Whereas the last one was debatable, I really think that this ranking is a no-brainer. On Deep Space Nine there were so many rich and wonderful characters that made the series so much more than some thought it would be. Whether it was Starfleet officers like Nog, Eddington and Primmin, Bajoran allies like Shakar and Okapa, adversaries like Weyoun and Dukat, or just everyday residents on the station such as Garak, Leeta, and Rom, the secondary characters became as central as almost any of the main cast. Some became family, like Kasidy Yates. Others became perpetual thorns in the side, like Winn Adami. Imagine how empty the story would seem if Dumar wasn't rising in the ranks of the Cardassian empire, if Martok had not represented the Klingons, or if Morn was never at the bar. Many of these wonderful characters helped flesh out the main cast in wonderful ways. We see Nog grow up with Jake, Kasidy teach Sisko to love again, Martok adopt Worf into his house, Brunt harass Quark, Garak challenge Bashir over lunch, and everyone ending up at the holosuite to hear Vic Fontaine crooning the classics of Sinatra. Yes, the show revolved around the core cast of characters, but you cannot deny that the secondary characters became as rich and important to the story telling as anyone else. 






2 comments:

  1. I'm going to agree with your ranking. When people watch anything Star Trek with me, they're either annoyed, mystified, or lost as to why I get excited when one of my favourite background characters shows up. I watched Star Trek II: The Wrath of Khan so many times that I practically have the movie memorized. But I always remember the interesting British accent of Commander Kyle. And then I see him as the transporter chief on the original series, and it just makes the whole thing so much more special. I don't think most actors can play Vulcans very well. If you appear dull and dispassionate on-stage during a theater production, I think that's perceived by most as "not acting." Then you have some like Suzie Plakson (best known probably as K'Ehleyr, Worf's first love and mother of Alexander) who played Dr.
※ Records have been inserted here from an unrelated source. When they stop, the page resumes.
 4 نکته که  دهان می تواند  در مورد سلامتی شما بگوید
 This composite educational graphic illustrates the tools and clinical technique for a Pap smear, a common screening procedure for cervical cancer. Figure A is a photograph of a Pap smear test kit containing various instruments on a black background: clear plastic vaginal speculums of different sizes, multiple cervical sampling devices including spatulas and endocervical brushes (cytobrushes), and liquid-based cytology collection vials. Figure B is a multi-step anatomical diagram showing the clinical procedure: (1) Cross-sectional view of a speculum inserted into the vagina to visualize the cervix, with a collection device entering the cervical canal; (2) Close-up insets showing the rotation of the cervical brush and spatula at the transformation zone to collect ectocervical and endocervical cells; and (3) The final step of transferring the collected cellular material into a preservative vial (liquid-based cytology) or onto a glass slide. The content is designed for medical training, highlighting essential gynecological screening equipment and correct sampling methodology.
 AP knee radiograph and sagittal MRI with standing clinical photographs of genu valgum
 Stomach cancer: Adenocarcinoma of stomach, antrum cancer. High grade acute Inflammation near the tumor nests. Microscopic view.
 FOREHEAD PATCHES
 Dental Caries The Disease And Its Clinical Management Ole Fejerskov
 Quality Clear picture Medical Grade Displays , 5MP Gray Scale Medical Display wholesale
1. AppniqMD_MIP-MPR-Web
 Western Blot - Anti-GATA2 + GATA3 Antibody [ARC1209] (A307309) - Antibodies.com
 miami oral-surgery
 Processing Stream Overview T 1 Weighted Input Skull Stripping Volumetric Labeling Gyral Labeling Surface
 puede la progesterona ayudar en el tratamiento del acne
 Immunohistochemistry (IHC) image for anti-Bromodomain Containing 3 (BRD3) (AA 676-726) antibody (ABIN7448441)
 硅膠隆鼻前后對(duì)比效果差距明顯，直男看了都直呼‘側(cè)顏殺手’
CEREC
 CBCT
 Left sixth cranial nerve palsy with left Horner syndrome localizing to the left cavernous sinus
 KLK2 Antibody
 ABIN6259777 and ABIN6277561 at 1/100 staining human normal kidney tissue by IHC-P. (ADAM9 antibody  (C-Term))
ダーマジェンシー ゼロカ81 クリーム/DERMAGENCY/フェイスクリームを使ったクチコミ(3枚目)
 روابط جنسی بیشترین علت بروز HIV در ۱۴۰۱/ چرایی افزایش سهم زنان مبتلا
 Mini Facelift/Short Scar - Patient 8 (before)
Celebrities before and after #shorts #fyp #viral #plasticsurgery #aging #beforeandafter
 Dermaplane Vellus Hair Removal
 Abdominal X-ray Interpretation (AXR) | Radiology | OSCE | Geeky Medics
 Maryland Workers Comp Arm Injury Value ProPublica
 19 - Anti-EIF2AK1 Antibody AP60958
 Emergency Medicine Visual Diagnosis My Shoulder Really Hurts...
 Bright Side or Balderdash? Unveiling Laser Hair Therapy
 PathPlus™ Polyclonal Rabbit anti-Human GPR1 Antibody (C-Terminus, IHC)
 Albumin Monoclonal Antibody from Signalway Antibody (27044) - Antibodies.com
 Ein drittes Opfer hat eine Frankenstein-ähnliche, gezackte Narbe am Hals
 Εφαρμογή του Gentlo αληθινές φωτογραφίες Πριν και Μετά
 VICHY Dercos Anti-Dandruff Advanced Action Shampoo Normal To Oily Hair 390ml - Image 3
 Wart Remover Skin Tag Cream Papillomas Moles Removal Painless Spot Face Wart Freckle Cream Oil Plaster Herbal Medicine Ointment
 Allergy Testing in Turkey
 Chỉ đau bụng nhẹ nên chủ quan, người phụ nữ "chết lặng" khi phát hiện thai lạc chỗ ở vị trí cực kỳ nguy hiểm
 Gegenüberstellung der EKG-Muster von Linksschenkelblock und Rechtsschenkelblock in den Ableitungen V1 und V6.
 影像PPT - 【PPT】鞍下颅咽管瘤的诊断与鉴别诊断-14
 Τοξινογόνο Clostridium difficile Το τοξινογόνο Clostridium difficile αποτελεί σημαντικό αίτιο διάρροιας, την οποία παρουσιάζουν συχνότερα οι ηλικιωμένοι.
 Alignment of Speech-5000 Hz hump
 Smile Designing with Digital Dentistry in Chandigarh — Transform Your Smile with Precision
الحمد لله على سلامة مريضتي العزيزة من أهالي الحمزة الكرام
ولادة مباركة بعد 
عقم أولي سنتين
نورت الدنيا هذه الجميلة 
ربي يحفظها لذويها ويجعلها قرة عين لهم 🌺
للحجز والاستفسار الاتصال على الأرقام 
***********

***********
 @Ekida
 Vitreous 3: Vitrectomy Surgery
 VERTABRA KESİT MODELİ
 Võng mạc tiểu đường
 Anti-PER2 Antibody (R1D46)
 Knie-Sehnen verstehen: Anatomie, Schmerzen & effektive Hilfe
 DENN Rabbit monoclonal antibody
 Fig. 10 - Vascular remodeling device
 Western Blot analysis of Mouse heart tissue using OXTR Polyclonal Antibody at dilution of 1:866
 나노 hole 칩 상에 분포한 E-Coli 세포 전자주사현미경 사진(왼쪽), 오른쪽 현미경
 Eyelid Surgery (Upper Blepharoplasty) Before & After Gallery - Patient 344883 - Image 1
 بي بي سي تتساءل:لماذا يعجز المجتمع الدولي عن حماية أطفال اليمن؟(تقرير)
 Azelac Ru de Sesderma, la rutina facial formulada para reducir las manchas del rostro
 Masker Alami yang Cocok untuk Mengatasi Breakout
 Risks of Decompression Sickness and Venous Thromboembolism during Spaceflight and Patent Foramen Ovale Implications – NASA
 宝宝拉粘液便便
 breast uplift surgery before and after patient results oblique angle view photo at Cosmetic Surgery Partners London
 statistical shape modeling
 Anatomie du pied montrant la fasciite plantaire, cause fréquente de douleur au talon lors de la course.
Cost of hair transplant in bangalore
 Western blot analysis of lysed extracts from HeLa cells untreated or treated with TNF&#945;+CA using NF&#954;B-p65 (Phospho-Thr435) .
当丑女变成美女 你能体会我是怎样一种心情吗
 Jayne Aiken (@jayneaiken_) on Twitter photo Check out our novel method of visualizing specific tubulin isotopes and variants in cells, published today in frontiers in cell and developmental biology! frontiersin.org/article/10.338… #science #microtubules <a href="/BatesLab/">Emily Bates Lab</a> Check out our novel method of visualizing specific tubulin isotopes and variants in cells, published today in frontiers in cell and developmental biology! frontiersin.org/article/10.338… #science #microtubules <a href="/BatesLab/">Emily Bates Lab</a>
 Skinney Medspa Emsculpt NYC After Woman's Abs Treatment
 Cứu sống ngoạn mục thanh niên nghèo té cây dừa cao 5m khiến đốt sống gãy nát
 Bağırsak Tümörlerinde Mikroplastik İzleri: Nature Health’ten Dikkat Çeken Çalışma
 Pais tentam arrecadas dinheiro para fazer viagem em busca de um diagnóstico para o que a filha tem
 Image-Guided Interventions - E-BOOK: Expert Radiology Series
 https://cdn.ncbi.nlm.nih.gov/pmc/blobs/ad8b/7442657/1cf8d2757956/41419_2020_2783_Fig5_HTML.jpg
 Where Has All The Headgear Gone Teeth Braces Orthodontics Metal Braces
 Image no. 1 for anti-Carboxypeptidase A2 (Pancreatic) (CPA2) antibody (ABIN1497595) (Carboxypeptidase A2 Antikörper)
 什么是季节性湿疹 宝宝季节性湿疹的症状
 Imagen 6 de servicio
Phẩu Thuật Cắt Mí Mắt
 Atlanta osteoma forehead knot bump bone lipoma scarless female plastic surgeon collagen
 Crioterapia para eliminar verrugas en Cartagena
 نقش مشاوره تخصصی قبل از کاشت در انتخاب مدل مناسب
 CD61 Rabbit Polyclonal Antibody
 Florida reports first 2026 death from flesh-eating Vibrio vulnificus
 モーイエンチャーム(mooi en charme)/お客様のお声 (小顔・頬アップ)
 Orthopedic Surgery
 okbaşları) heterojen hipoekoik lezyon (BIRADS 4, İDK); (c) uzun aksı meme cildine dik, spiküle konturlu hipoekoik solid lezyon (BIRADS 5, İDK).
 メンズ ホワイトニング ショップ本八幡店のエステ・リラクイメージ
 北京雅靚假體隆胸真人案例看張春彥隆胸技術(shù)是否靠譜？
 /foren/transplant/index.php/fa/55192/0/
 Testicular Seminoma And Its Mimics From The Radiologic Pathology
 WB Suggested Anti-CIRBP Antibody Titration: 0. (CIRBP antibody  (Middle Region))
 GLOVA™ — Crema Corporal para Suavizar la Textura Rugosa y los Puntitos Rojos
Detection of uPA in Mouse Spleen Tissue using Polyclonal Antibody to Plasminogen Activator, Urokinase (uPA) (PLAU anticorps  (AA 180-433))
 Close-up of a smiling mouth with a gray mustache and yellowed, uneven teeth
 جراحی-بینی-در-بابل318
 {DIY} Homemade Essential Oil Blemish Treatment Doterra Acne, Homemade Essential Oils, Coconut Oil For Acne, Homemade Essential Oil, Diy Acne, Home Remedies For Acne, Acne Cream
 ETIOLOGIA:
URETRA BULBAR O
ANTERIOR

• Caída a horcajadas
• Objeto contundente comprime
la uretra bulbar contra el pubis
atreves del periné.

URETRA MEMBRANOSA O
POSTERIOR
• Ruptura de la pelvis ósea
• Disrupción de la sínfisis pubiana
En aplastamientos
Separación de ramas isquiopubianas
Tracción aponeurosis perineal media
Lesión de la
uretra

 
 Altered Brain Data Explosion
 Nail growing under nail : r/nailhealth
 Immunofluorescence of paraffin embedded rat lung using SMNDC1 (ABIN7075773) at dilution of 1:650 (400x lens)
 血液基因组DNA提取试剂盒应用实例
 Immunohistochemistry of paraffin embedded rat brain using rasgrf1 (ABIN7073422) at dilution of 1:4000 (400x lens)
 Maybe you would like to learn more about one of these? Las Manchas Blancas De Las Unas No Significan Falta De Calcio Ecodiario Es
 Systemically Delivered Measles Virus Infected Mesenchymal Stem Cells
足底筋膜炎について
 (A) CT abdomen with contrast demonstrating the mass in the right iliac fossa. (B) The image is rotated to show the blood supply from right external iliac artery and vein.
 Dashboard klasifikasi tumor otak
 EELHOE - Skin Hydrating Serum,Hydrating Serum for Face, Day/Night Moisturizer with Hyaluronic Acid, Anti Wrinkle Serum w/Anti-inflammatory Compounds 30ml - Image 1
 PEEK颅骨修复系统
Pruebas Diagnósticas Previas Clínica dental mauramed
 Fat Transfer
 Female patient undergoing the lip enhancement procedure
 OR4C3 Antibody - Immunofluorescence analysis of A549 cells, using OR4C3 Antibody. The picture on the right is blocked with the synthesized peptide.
Selar. she pulled it off, but I'm not sure how much I liked her performance. Leonard Nimoy and Mark Lenard defined the art of portraying a Vulcan, and I loved it and wanted more. Likewise I think Tim Russ both pulled off playing a Vulcan and made it enjoyable. My point is....Vorik, played by Alexander Enberg. I wanted to see him in every episode of Voyager, a show which mostly bored me to death. Damar was the true hero, or one of them, the most interesting hero, in my opinion on DS9. I think I liked Broik in Quark's bar, maybe just because his name was "Broik." It's not that I don't like Kirk, Picard, Sisko, and Janeway. (Dr. Phlox was the only character on Enterprise I really liked at all) But the supporting characters enrich the story so much to where if they're not there, or not written well, it takes dimensions away.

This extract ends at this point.